Die höchste Priorität für Österreichs Bürgermeisterinnen und Bürgermeister wird 2015 die Kinderbetreuung in Österreichs Gemeinden haben. „Wir haben ja vor einigen Wochen eine Bevölkerungsumfrage präsentiert (siehe KOMMUNAL 2/2015), die zeigt, wie hoch die Zufriedenheit ist, die uns aber auch sagt, wo wir noch Handlungsbedarf haben“, so Gemeindebund-Chef Helmut Mödlhammer bei der Präsentation der Ergebnisse des Kommunalbarometers 2015.
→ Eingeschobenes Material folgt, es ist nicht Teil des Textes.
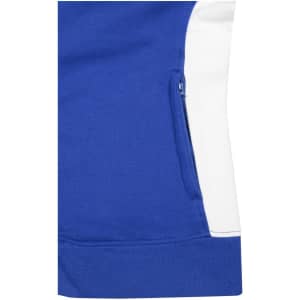 A blue and white sweat jacket featuring a zippered pocket and a logo on the sleeve.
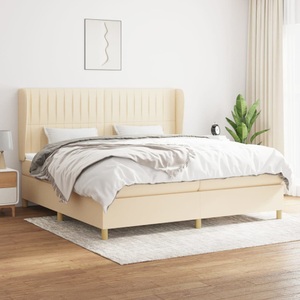 vidaXL, vidaXL Boxspringbett mit Matratze Creme 200x200 cm Stoff, vidaXL Boxspringbett mit Matratze Creme 200x200 cm Stoff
Die Gemeinden haben in den vergangenen Jahren gewaltige Anstrengungen unternommen, um das Angebot bei der Kinderbetreuung auszubauen. Bei den Kindergärten sind die Kommunen hervorragend versorgt, bei der Kleinkind-Betreuung und der schulischen Nachmittagsbetreuung ist der Ausbau bei weitem noch nicht abgeschlossen, das sehen laut der Umfrage auch die Bürgermeister so. Die Schaffung von Arbeitsplätzen sowie der Erhalt der Lebensqualität im ländlichen Raum sind auf Rang 2 und 3 der wichtigsten Themenfelder für die Ortschefs.



Bei den großen Ausgabeposten befürchten die heimischen Bürgermeister/innen auch 2015 einen starken Anstieg der Ausgaben für Soziales und Pflege. 85 Prozent glauben, dass es hier zu starken oder zumindest leichten Steigerungen kommen wird. Für die Bereiche Gesundheit, Schule oder Verwaltung werden leichte Kostensteigerungen angenommen. „Der Sozialbereich ist natürlich ein Dauerbrenner. Obwohl wir durch den Pflegefonds sicher eine Erleichterung für die Kommunen erreicht haben, ist das eine der größten Zukunftsherausforderungen in der Finanzierung. Darüber müssen wir uns bei den Verhandlungen zum Finanzausgleich ausgiebig unterhalten“, so Mödlhammer.



Generell legten die Gemeinden bei den Investitionen der vergangenen Jahre konstant Schwerpunkte auf die Sanierung. Dementsprechend vermerkt die Studie auch steigende Ausgaben für Sanierungsvorhaben. Diese sind auch merkbar stärker als jene für Neuinvestitionen. „Das liegt“, so Mödlhammer, „unter anderem auch daran, dass viele unserer rund 60.000 Gebäude inzwischen sanierungsbedürftig sind. Auch beim Kanal-, Wasser- oder Straßenbau kommen wir bei vielen Anlagen in die Sanierungsphase. Hier sind Neuerrichtungen inzwischen deutlich weniger geworden.“.



Erfreulich ist auch, dass die Kommunen den Konsolidierungspfad weiterhin nicht verlassen wollen. In 43 Prozent der Gemeinden soll die Finanzschuld 2015 weiter sinken, in weiteren 20 Prozent zumindest gleich bleiben. „Wir haben ja schon in den letzten beiden Jahren die Schuldenstände österreichweit gesenkt“, erinnert Mödlhammer. Es sei wichtig, dass sich diese Entwicklung fortsetzt und die Gemeinden ihre Verpflichtungen im Stabilitätspakt einhalten können. Trotzdem sind immerhin noch 32 Prozent der Gemeinden auf Bedarfszuweisungsmittel angewiesen, um ihren Haushalt ausgleichen zu können. Diese Mittel werden von den Ertragsanteilen abgezogen und quasi in einem „Solidaritätsfonds“ für strukturschwache Gemeinden verwaltet.